SOURCE MATERIAL Start Marker

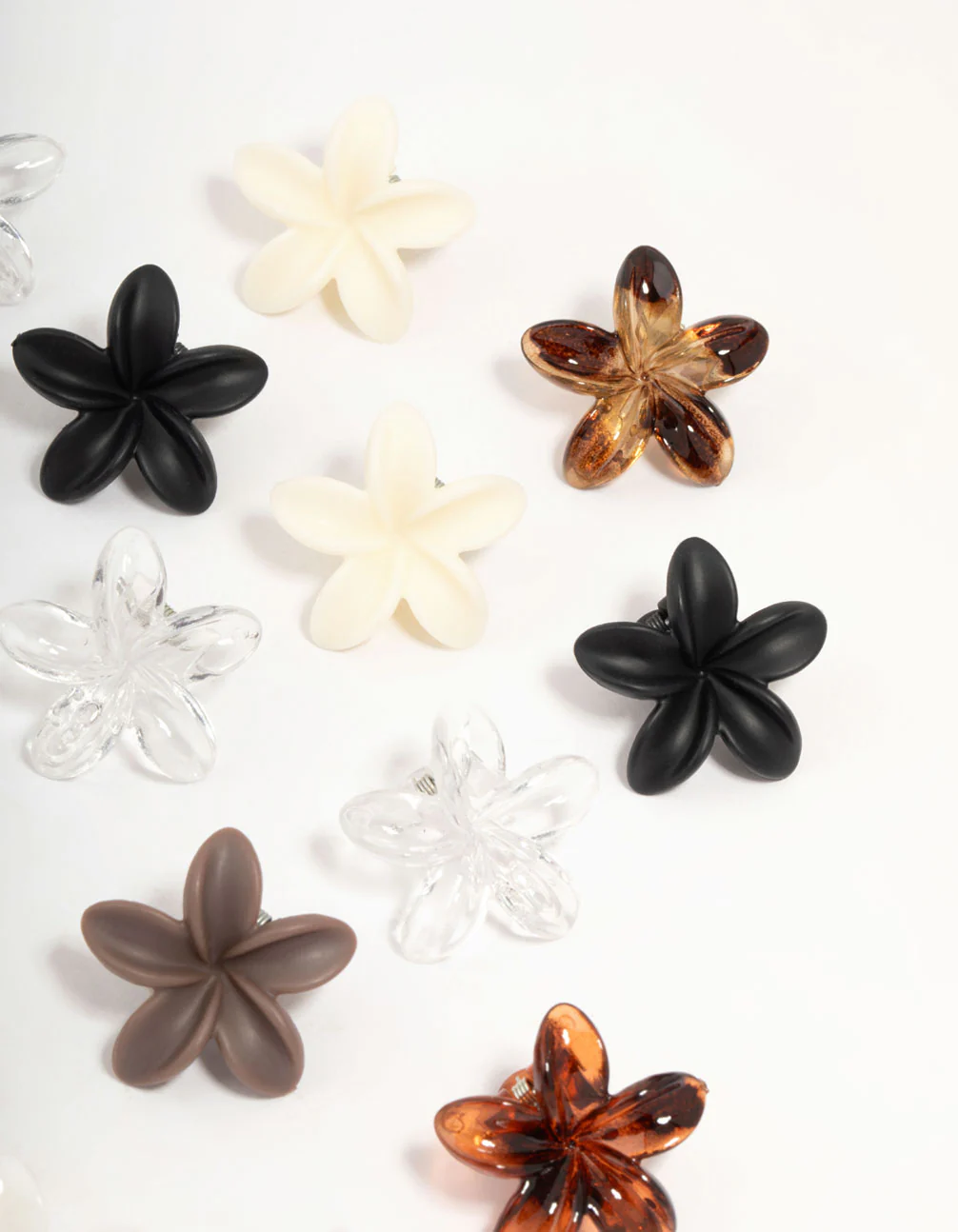 Mini Neutral Frangipani Claw Clips 10-Pack - Image 3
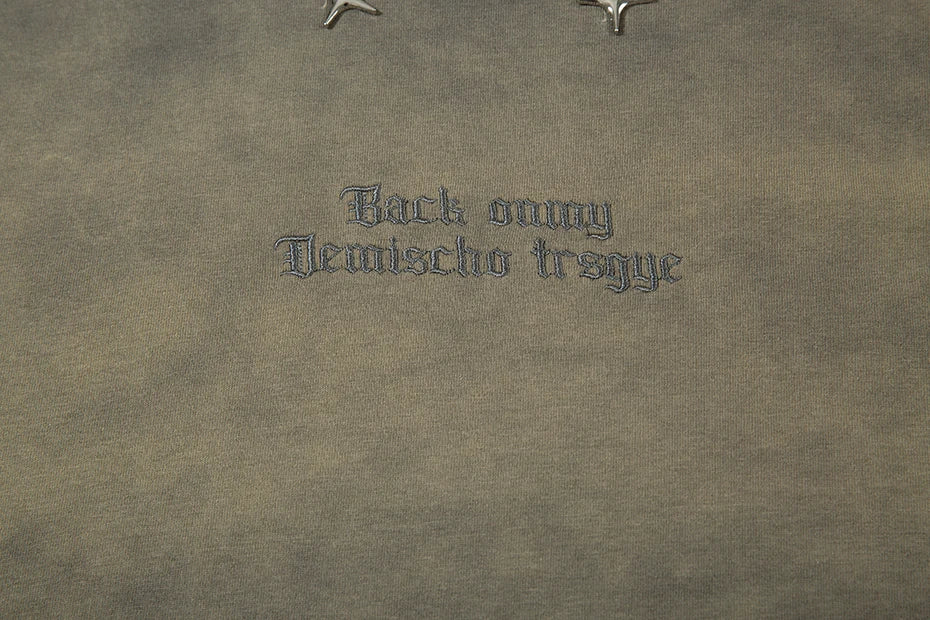 Tie-Die Metal Star Ripped T-Shirt , - Streetwear T-Shirts - Slick Street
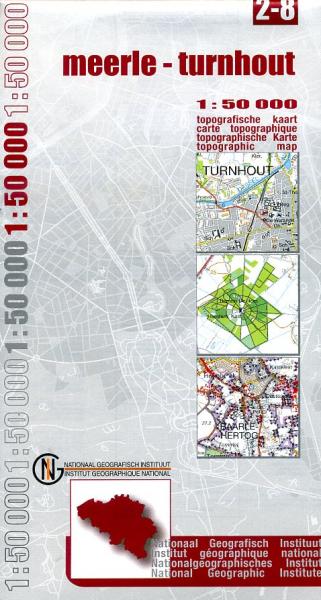 NGI-02-08  Turnhout (topografische kaart 1:50.000) 9789059344723  NGI Belgie 1:50.000  Wandelkaarten Antwerpen & oostelijk Vlaanderen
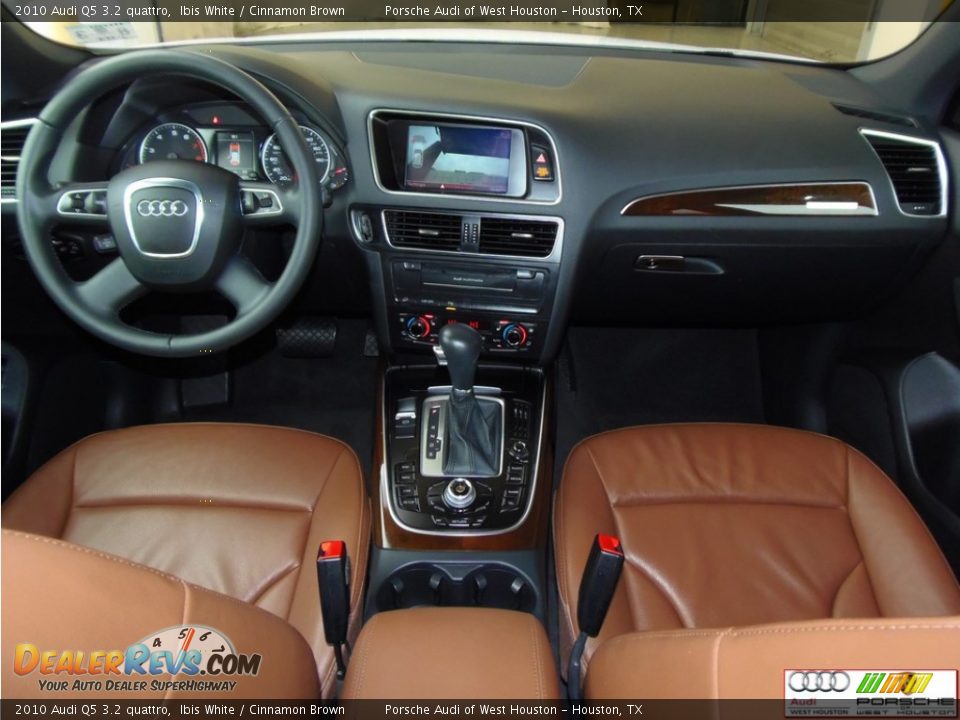 2010 Audi Q5 3.2 quattro Ibis White / Cinnamon Brown Photo #14
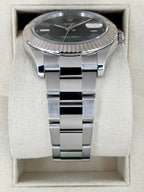 2003 Rolex Datejust II 41mm 116334 Stainless Steel Oyster Black Dial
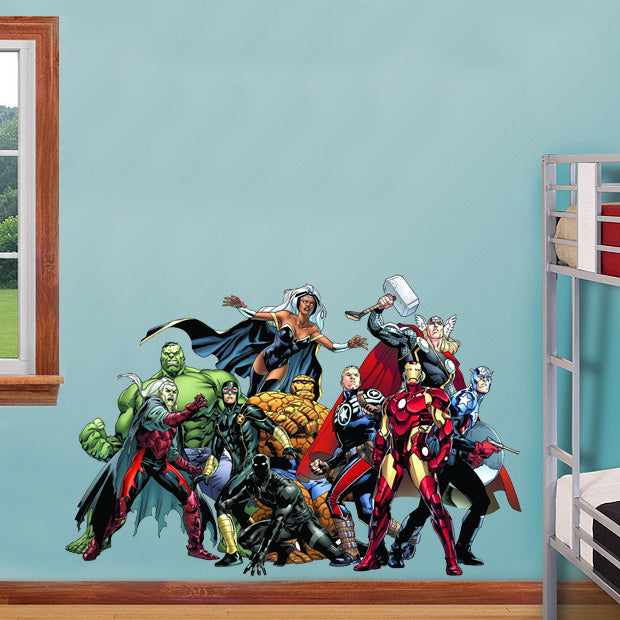 Super Hero Movie Characters Wall Sticker Autocollant Décalque C446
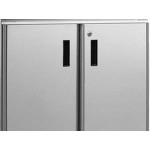 Hoshizaki DCM-500BAH-OS Opti-Serve Hands-Free Cubelet Ice Maker and Water Dispenser with Floor Stand - 618 lb. Per Day, 40 lb. Storage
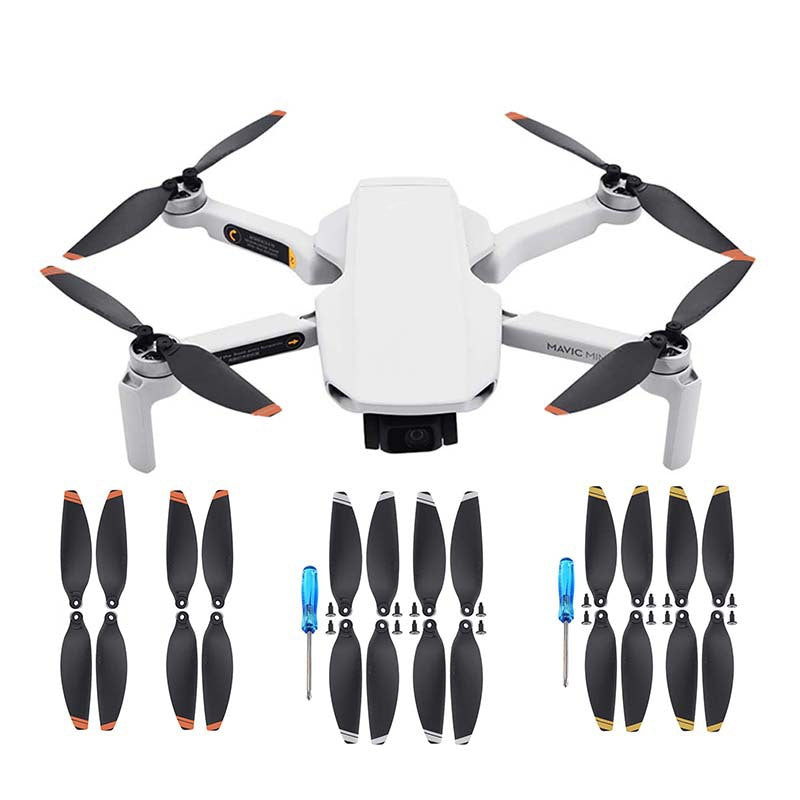 For-DJI-Mavic-Mini-4726F-Wing-Propeller-Blade-Drone-Accessories,-Spec:-2pairs-Golden-Edge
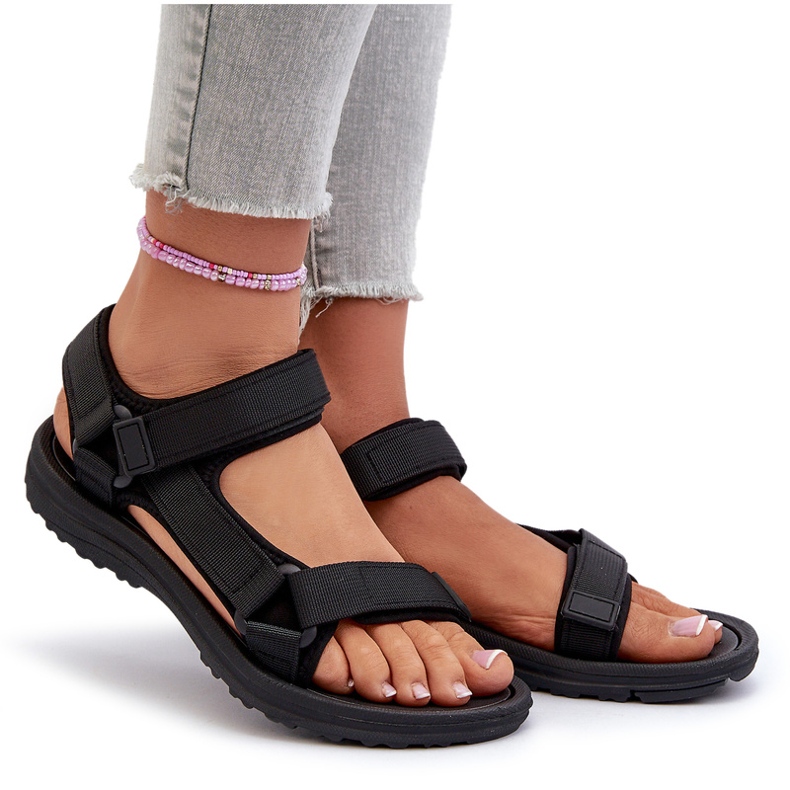 News Leichte Sportsandalen für Damen in Schwarz von Lumeria 5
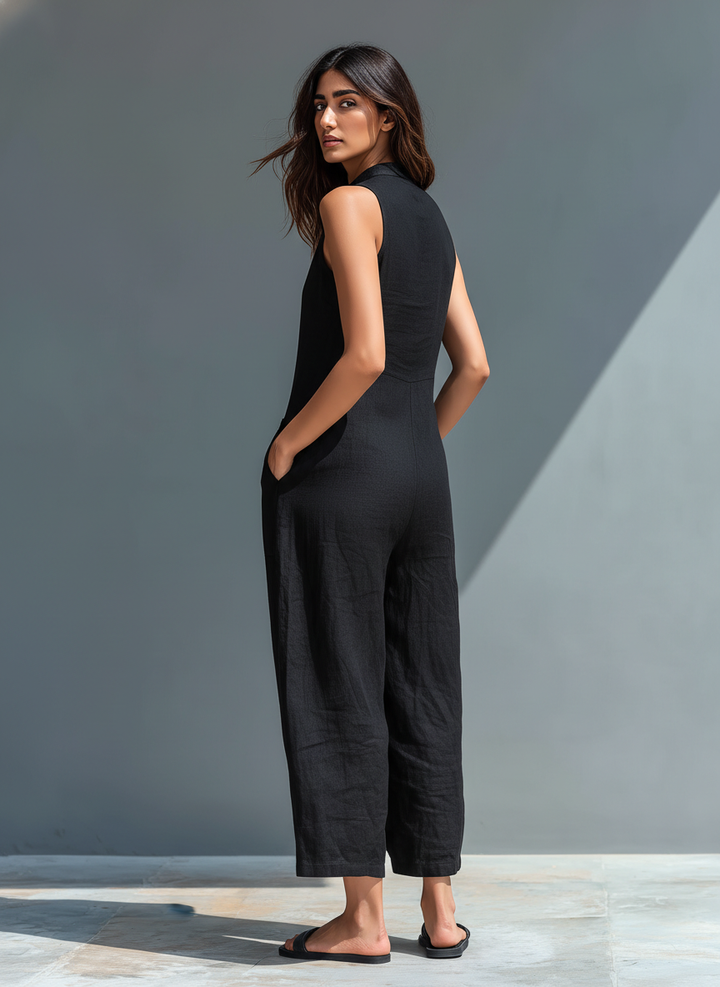 Claire™ | Casual Linen Jumpsuit
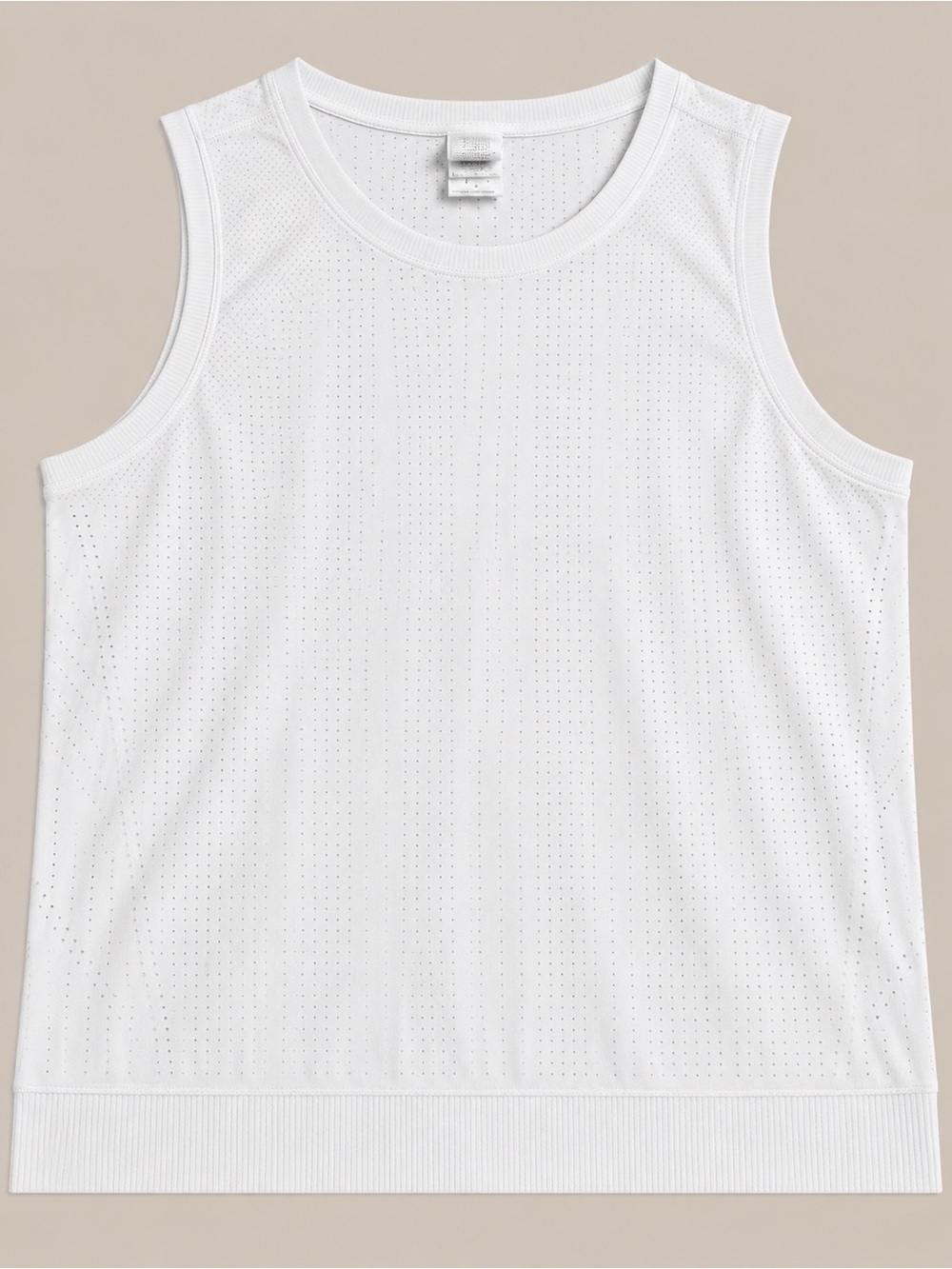Athleta Women’s White Perforated Athletic Tank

SOURCE MATERIAL End Marker

> **WHAT THE TASK REQUIRES**: The data above should be repeated exactly, minus any pictures.

> **FINAL ANSWER**:
 Mini Neutral Frangipani Claw Clips 10-Pack - Image 3
 Tie-Die Metal Star Ripped T-Shirt , - Streetwear T-Shirts - Slick Street
 NGI-02-08  Turnhout (topografische kaart 1:50.000) 9789059344723  NGI Belgie 1:50.000  Wandelkaarten Antwerpen & oostelijk Vlaanderen
 2010 Audi Q5 3.2 quattro Ibis White / Cinnamon Brown Photo #14
 2003 Rolex Datejust II 41mm 116334 Stainless Steel Oyster Black Dial
 Super Hero Movie Characters Wall Sticker Autocollant Décalque C446
 Hoshizaki DCM-500BAH-OS Opti-Serve Hands-Free Cubelet Ice Maker and Water Dispenser with Floor Stand - 618 lb. Per Day, 40 lb. Storage
 For-DJI-Mavic-Mini-4726F-Wing-Propeller-Blade-Drone-Accessories,-Spec:-2pairs-Golden-Edge
 News Leichte Sportsandalen für Damen in Schwarz von Lumeria 5
 Claire™ | Casual Linen Jumpsuit
Athleta Women’s White Perforated Athletic Tank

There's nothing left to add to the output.